In sum, for the reasons stated herein, Petitioner's fourth ground for relief is denied.
For the reasons stated herein, Respondent is entitled to summary judgment on all of Petitioner's claims.
IT IS, THEREFORE, ORDERED that:
1. Respondent's Motion for Summary Judgment, (Doc. No. 10), is GRANTED, and the petition is DENIED and DISMISSED.
2. Petitioner's Motion to Appoint Counsel, (Doc. No. 8), is DENIED.

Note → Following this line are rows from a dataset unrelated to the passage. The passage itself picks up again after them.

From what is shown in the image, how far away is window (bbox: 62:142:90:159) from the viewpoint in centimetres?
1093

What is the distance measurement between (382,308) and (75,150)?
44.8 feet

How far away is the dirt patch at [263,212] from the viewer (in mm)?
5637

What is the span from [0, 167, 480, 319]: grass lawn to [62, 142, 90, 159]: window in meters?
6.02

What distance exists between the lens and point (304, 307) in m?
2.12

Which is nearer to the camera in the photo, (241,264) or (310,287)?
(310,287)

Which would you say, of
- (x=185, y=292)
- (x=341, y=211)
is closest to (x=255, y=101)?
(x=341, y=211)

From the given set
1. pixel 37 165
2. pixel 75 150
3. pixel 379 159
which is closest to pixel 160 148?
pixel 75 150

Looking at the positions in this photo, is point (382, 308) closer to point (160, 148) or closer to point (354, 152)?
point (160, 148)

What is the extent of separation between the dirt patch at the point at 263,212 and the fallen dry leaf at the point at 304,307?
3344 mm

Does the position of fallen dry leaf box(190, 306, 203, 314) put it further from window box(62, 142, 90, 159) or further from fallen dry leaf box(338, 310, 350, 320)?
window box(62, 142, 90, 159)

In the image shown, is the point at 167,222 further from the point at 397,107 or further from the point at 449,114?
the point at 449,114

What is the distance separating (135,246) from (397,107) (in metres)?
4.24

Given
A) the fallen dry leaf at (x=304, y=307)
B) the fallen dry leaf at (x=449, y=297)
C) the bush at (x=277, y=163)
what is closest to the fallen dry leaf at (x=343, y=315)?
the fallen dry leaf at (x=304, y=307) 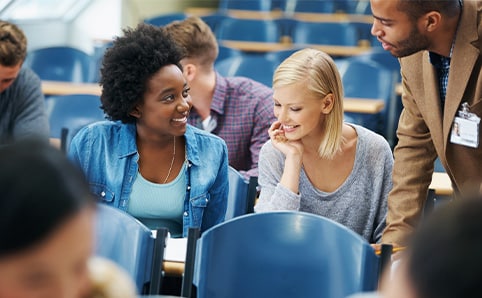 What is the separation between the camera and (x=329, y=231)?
219 cm

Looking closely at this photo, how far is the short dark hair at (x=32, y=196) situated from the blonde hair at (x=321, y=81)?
198cm

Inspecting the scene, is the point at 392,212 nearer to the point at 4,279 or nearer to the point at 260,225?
the point at 260,225

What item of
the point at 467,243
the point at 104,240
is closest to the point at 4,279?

3. It is further ordered that pursuant to Rule 11(a) of the Rules Governing Section 2254 and Section 2255 Cases, this Court declines to issue a certificate of appealability. See 28 U.S.C. § 2253(c)(2); Miller-El v. Cockrell , 537 U.S. 322, 338 (2003) (in order to satisfy § 2253(c), a petitioner must demonstrate that reasonable jurists would find the district court's assessment of the constitutional claims debatable or wrong); Slack v. McDaniel , 529 U.S. 473, 484 (2000) (when relief is denied on procedural grounds, a petitioner must establish both that the dispositive procedural ruling is debatable and that the petition states a debatable claim of the denial of a constitutional right).